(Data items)

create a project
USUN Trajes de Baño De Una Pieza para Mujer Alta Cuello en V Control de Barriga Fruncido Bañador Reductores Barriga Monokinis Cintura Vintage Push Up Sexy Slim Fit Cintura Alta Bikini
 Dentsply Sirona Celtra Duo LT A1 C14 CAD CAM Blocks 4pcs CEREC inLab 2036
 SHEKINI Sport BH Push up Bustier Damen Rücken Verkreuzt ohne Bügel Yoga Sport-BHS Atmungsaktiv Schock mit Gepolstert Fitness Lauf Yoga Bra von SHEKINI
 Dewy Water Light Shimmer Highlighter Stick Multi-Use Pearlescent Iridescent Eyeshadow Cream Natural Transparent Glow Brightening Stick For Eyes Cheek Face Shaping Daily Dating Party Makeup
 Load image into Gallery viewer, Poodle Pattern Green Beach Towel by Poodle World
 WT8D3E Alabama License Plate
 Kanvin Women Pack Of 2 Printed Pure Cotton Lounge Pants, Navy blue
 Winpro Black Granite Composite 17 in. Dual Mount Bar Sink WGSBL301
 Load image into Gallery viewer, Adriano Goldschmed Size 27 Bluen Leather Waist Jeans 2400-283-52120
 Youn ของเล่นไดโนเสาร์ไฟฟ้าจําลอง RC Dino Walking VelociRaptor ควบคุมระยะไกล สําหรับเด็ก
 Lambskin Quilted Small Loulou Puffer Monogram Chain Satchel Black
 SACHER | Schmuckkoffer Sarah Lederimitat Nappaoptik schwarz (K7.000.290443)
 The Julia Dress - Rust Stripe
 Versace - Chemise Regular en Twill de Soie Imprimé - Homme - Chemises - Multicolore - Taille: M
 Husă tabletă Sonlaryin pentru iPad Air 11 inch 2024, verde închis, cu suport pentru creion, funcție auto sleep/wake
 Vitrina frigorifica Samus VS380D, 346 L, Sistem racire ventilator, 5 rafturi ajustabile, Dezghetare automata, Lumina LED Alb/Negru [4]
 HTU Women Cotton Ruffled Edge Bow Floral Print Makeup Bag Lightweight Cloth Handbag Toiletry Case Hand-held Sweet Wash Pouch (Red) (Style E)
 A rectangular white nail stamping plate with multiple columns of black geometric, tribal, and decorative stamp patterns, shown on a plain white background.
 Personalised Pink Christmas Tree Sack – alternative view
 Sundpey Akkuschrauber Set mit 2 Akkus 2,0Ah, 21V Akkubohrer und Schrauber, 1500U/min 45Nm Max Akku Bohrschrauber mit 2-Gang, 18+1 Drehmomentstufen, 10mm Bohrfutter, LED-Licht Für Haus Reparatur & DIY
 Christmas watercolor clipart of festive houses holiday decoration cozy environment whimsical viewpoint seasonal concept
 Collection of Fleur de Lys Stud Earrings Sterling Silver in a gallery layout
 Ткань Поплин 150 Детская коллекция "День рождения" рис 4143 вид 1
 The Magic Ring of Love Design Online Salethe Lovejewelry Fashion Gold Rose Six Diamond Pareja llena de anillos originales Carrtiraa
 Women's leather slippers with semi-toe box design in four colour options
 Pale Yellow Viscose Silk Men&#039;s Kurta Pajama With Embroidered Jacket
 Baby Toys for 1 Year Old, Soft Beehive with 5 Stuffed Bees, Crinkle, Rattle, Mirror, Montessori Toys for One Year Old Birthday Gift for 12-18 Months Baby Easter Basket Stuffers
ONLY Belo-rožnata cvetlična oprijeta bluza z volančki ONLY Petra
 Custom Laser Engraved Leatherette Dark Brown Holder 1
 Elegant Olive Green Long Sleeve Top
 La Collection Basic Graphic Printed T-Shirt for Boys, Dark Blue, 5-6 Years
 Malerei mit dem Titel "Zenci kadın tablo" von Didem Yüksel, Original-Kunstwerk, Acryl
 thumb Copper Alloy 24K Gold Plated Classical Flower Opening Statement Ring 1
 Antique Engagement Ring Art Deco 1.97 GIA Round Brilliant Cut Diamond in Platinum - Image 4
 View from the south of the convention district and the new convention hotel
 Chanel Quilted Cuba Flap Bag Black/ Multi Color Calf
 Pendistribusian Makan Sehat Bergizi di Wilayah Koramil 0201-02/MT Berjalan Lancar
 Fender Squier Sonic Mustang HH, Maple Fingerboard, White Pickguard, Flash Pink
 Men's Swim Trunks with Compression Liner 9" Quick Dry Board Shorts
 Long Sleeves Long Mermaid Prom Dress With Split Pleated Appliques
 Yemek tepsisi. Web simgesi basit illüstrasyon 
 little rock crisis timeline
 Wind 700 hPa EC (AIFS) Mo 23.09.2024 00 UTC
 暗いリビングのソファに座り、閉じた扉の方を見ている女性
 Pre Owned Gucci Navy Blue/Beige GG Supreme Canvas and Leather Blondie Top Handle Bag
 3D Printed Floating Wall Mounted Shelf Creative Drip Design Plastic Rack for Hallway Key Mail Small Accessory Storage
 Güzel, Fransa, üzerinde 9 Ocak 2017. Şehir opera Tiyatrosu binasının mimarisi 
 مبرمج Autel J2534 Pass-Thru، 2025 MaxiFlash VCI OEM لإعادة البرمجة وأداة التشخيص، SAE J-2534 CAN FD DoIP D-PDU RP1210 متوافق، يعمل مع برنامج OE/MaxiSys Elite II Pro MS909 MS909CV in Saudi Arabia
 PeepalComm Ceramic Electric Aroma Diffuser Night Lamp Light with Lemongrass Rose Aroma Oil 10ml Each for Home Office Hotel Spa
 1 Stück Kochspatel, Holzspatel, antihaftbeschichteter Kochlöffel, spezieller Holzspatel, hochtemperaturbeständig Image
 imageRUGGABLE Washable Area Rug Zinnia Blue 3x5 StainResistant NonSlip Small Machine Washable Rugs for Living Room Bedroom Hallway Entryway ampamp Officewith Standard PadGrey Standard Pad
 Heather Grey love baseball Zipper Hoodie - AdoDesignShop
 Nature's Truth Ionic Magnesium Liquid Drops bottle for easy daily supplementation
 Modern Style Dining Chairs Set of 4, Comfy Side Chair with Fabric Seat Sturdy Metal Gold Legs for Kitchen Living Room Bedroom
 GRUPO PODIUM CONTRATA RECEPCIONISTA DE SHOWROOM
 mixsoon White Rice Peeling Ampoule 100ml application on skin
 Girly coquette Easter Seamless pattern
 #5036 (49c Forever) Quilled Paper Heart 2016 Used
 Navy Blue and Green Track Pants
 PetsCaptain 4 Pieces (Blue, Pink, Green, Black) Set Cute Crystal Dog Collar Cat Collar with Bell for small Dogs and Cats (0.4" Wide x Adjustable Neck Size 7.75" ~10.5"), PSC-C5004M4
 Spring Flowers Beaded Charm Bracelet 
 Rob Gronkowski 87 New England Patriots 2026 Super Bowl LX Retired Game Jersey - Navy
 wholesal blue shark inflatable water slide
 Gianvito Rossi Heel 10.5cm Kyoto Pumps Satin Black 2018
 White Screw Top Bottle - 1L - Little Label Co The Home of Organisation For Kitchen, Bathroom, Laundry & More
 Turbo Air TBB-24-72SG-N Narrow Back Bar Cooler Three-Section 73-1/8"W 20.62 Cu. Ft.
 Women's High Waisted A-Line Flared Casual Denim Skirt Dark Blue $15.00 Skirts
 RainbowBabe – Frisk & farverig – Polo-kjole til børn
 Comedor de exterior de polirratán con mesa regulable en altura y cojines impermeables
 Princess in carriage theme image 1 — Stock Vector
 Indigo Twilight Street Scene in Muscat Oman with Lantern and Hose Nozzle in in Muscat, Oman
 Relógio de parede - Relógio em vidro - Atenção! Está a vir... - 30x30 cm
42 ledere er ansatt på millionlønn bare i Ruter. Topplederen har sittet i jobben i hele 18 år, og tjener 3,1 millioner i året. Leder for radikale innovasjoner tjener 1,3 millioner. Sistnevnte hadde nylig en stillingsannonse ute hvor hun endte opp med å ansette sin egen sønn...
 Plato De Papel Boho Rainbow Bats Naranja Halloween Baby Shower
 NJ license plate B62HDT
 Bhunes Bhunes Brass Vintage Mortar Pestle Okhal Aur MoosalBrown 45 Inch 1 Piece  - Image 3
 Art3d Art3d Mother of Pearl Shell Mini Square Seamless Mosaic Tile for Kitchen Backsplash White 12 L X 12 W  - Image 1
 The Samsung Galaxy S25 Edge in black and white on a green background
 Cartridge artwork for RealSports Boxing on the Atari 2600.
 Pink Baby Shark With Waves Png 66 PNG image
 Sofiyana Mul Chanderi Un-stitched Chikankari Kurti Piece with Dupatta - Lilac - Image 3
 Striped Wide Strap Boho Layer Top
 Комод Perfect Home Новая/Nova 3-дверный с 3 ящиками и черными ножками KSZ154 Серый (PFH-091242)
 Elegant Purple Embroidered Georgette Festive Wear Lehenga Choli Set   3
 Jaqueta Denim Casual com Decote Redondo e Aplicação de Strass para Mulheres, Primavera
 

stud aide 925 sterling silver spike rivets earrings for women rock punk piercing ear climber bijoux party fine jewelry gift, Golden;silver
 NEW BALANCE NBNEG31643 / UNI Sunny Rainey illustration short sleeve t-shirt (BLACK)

Problem details. Determine how many lines of the data contain the word "Bedroom", and reply with that number only.

Solution for this task. 2